June 26, 2010

With Great Power, Comes Great Gardening

King Arthur had the mighty sword Excalibur, Thor had his powerful hammer Mjöllnir, and Elmer Fudd had his spear and magic helmet. All of these ordinary men were made great by the use of a powerful implement (Yes, I know Thor was supposedly a god in his own right. I’m trying to make a point here). A kingdom got its king, bad people were thwonked on the head, and finally… finally… that wascally wabbit got what was coming to him. All feats worthy of retelling over a mug of ale in Valhalla.

It is in this light that I would like to introduce myself. My name is Keith, and I am the wielder of the Evil Shovel of Cable Annihilation! Look upon me and despair! MUHAHAHA!

Ahem.

Once upon a time I was just this guy, you know? I worked, I played, I ate, I slept. I bought the t-shirt, several of them in fact. Except for my shiny head and devastating good looks, I was no different from any other man. But then everything changed.

It began on Memorial Day weekend while I was working in the yard. I was digging a three-inch trench to separate a flowerbed from the lawn.
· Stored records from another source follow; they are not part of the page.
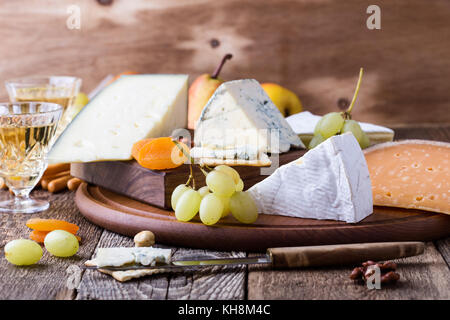 Käse, Obst und Wein Holz Schneidebrett, köstliche Vorspeise Urlaub auf rustikalen Tisch Hintergrund Stockfoto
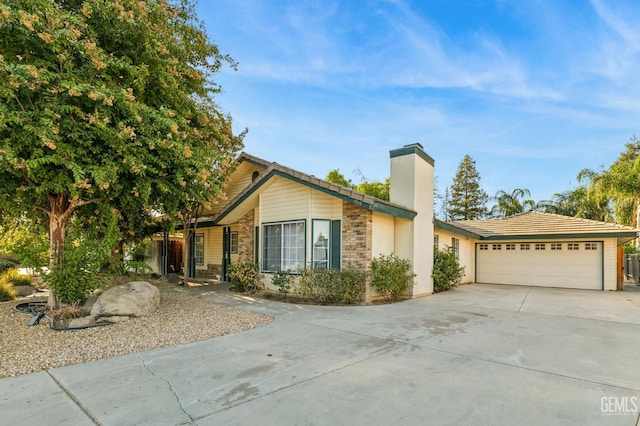 ranch-style house featuring a garage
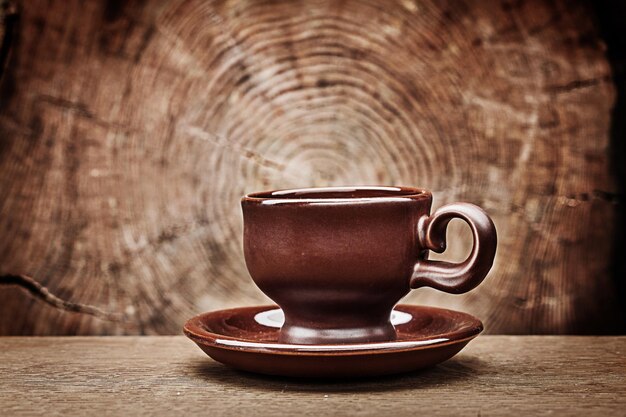 Einzelne braune Kaffeetasse auf Vintage-Holzhintergrund mit Kreuzschnitt aus Baumstamm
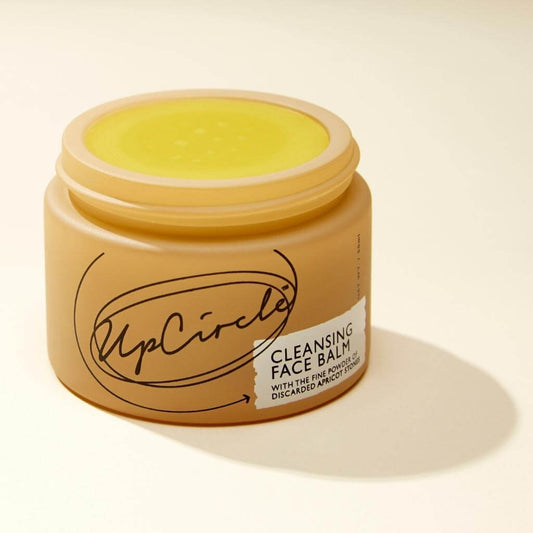 Upcircle Cleansing Face Balm without lid and bright yellow balm is visible. On a cream background with a distinct shadow.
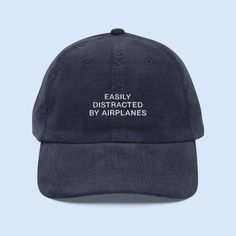 For those who can't help but look up whenever they hear the roar of an engine overhead, the Easily Distracted by Airplanes Corduroy Cap is the perfect match. Whether you're an aviation enthusiast, a frequent traveler, or just someone who loves the thrill of flight, this cap lets everyone know what really captures your attention. 🎨 Designed for Aviation Fans Featuring the fun and relatable Easily Distracted by Airplanes embroidery, this cap is a must-have for anyone with a passion for planes. Th Aviation Gift Ideas, Gifts For Pilots, Airplane Humor, Pilot Hat, Airplane Gifts, Funny Pilot, Corduroy Cap, Frequent Traveler, Easily Distracted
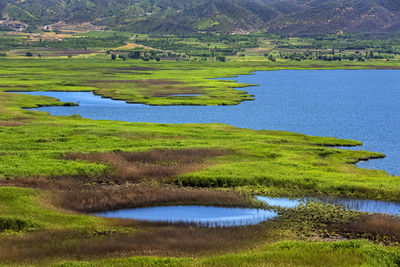 Scenic view of lake and landscape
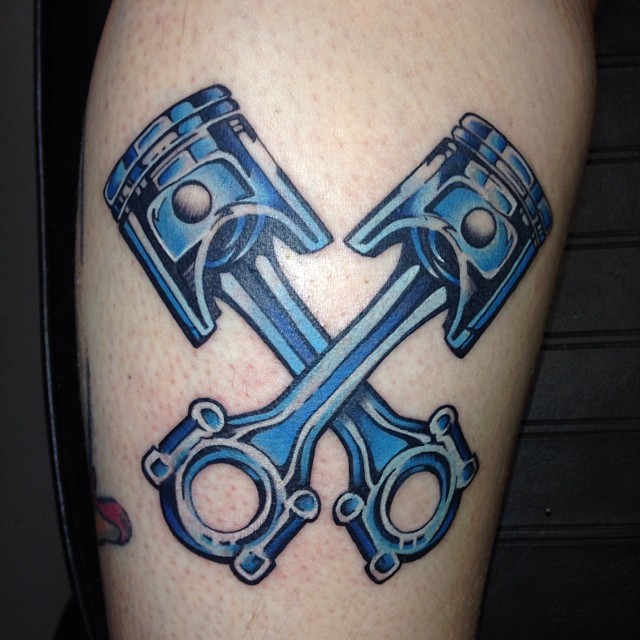 Crossed Pistons Tattoo by @studio77tattoo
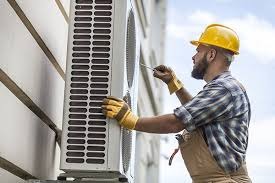 HVAC technician inspecting and servicing an outdoor air conditioning condenser unit while performing maintenance.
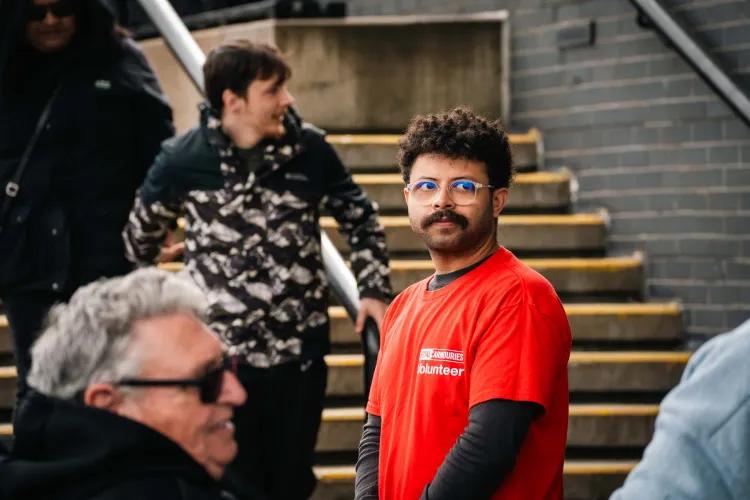 A member of staff in a red t-shirt supervises an event in the Tiltyard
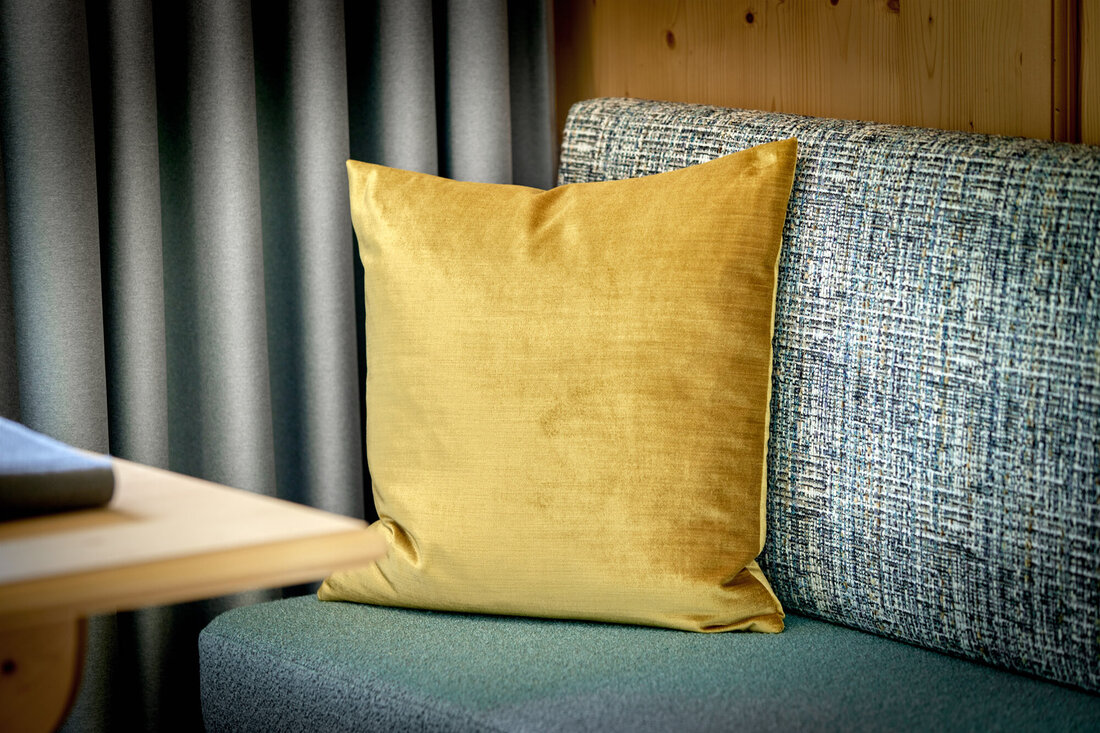 Ein leuchtend gelbes Kissen ruht auf einer blauen Couch, umgeben von grauen Vorhängen und einer Holzverkleidung.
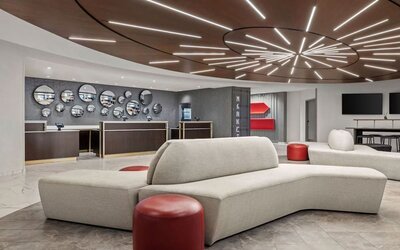 Lobby and coworking lounge at Renaissance Newark Airport Hotel.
Sadly I overlooked the fact that the path of my trench intersected with that holy provider of Internet and television, the cable line. Without a thought I cut the wire cleanly with my shovel as I moved along. Little did I know, but the consequences were much greater than a few days disconnected from e-mail, Facebook, and Twitter.

What had once been an ordinary shovel was now something much, much greater. Unbeknownst to me what I thought was a simple gardening tool was now an instrument of evil. Something, perhaps a shock when it sliced through the cable, perhaps a radioactive earthworm, imbued it with a dark power.

I was blissfully unaware of this until last weekend. I had some planting to do in the back yard, so I had taken my trusty shovel off of the garage wall to get the job done. Did it quiver with excitement? I didn’t notice. Did it hum with anticipation? No clue, I had my earbuds in.

Since most of the plants were small I had used my trusty trowel to dig their holes, but for the one large plant I used my shovel. As it turned out that was all that was needed. I was almost done with my task when the wife came out to tell me that we had no internet or cable TV. For a second I just stared. It was horrible case of déjà vu from Memorial Day, and it felt so unfair. But this time I was nowhere near the cable I had cut before, I protested. I was waaaay in the back of our property. There were no cables there.

I walked over to the side of the house to make sure I hadn’t blacked out and walked over there like some sort of gardening zombie (Hydraaaaangeas!) to dig up the cable. As expected the ground there was undisturbed, but that did nothing to refute the fact that we had no electronic access to the outside world.

While the wife called the cable company, I picked up my tools. As I was putting them away, I felt a vibration from the shovel’s wooden handle. I pulled out my earbuds to hear a metallic chuckle and a faint “Again. Use me again…” Spooked, I hung it up on the wall as quickly as I could and left it there.

It turned out that as time passed the shovel’s power had grown, and instead of just taking out our cable it had affected an area miles-wide. Without even having to touch a wire it had sent its evil energies though the earth to sever internet access for hundreds of families. Children cried when they couldn't watch Blues Clues. Teen angst soared as they couldn't sing along to re-runs of Glee. I realized that I was the owner of an implement of unspeakable power (I can write about it, but speak? No.)

Am I now going to be one of the conflicted super-men, who doesn’t want to use his power but is unable to stop himself? Do I have enough fortitude to resist the temptation of the evil spade in my garage? I have no one to help me in this struggle. There are no support groups for owners of wicked gardening tools (Hi, my name is Keith and I’m an evil gardener).

If my success with resisting Chips Ahoy is any indication, I am going to dig again. It’s only a question of when. Will my shovel’s power have grown even greater? How many people will be affected? All of Michigan? North America? The world? Could I create a fail whale of global proportions just by digging a hole in my yard? I don’t know, and the questions haunt me, begging for answers.

So now you know my story, my super-gardener origin as it were. If you desire the services of me and my mighty shovel, you can find me at the local Home Depot. I’m thinking about buying a shrubbery.

2 comments:

Anonymous said...

your nephew feels that there should be evil powers for the shrubbery that you are going to buy. LOL

Gary G said...

I must say, that shovel must have been built out of the pieces of the Christine-like trencher they used on Vandenberg AFB one day. They were digging a good distance from the cable markers and still managed to sever one of our cables. Turns out that the poeple who placed the markers were lazy and thought it would be too hard to place the markers where the cable actually was, but I still think that digging devices are inherently evil. You could destroy the shovel, but it would just come back as a cable-destroying instrument of destruction.